BEGIN
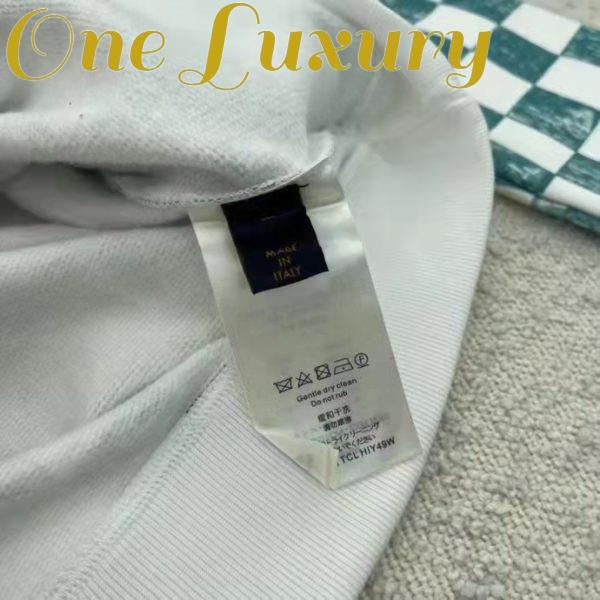 Replica Louis Vuitton LV Men Damier Printed Crewneck Cotton Ocean Classic Sweatshirt Shape 11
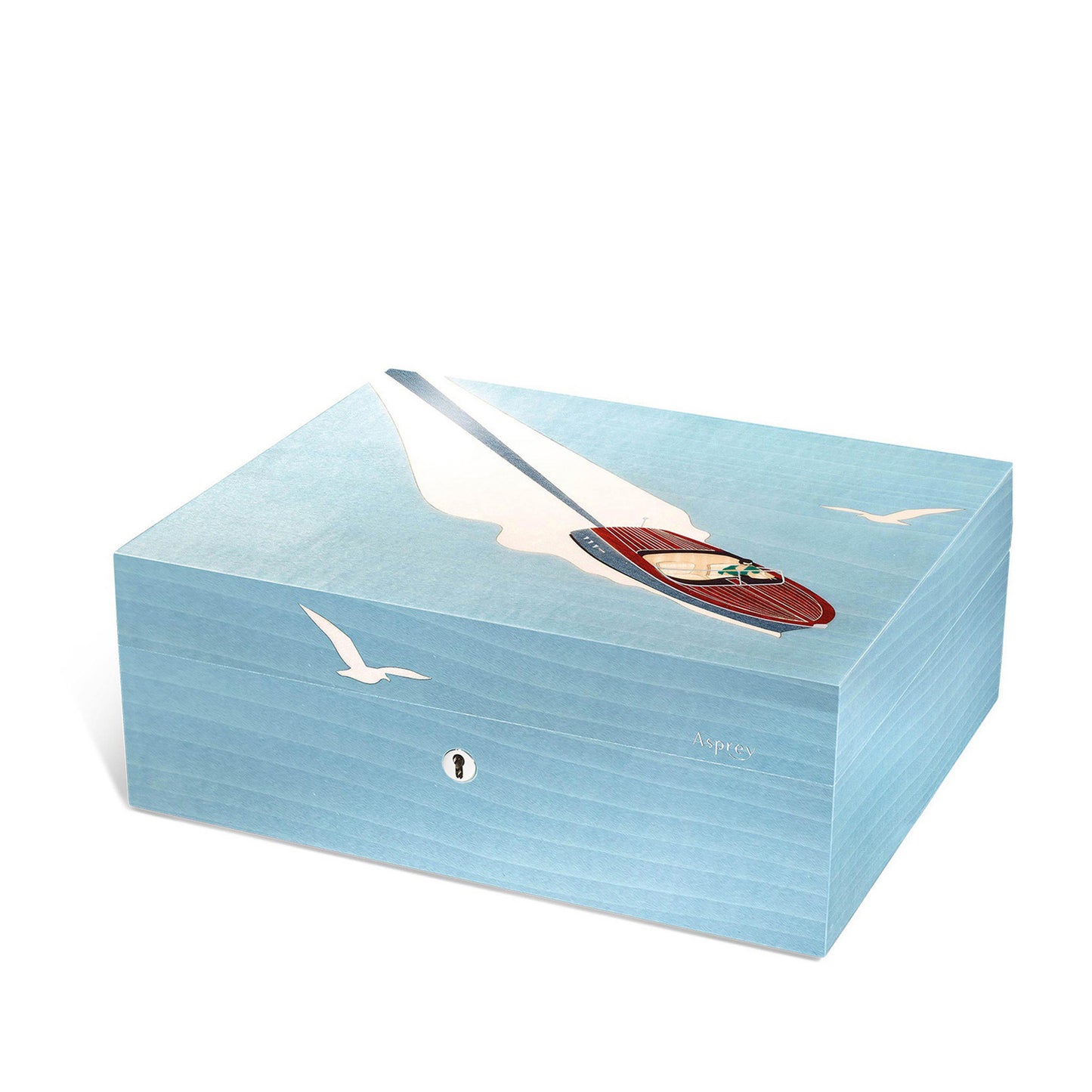 Riviera Marquetry Watch and Cufflink Box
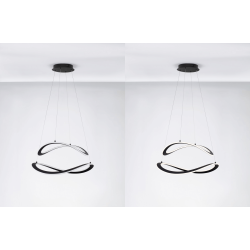 LUCES JAUJA LE44327 modern black LED hanging lamp 87W aluminum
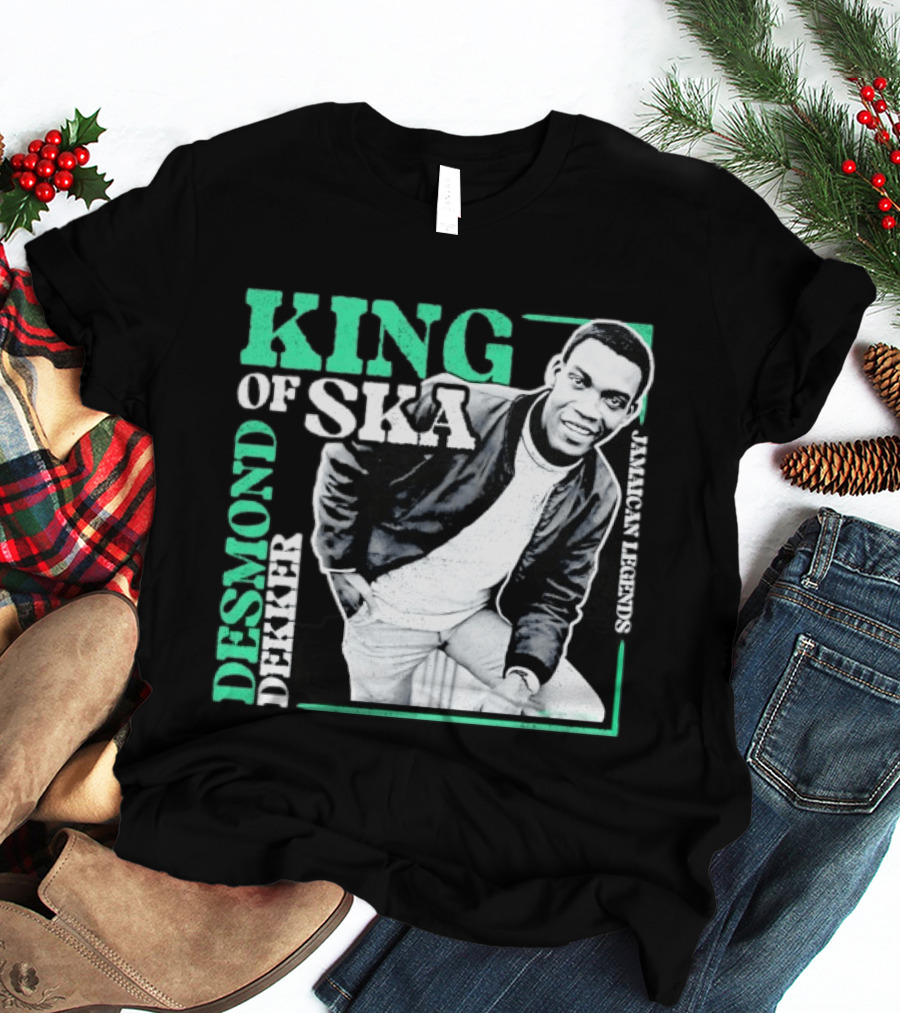Desmond Dekker King Of Ska Jamaican Legends T-Shirt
END
# Your assignment
The needed output is the lines from the one with "LUCES JAUJA LE44327" through the end of the listing, written out exactly, both ends included, pictures excluded.

# Exercise result
 LUCES JAUJA LE44327 modern black LED hanging lamp 87W aluminum
Desmond Dekker King Of Ska Jamaican Legends T-Shirt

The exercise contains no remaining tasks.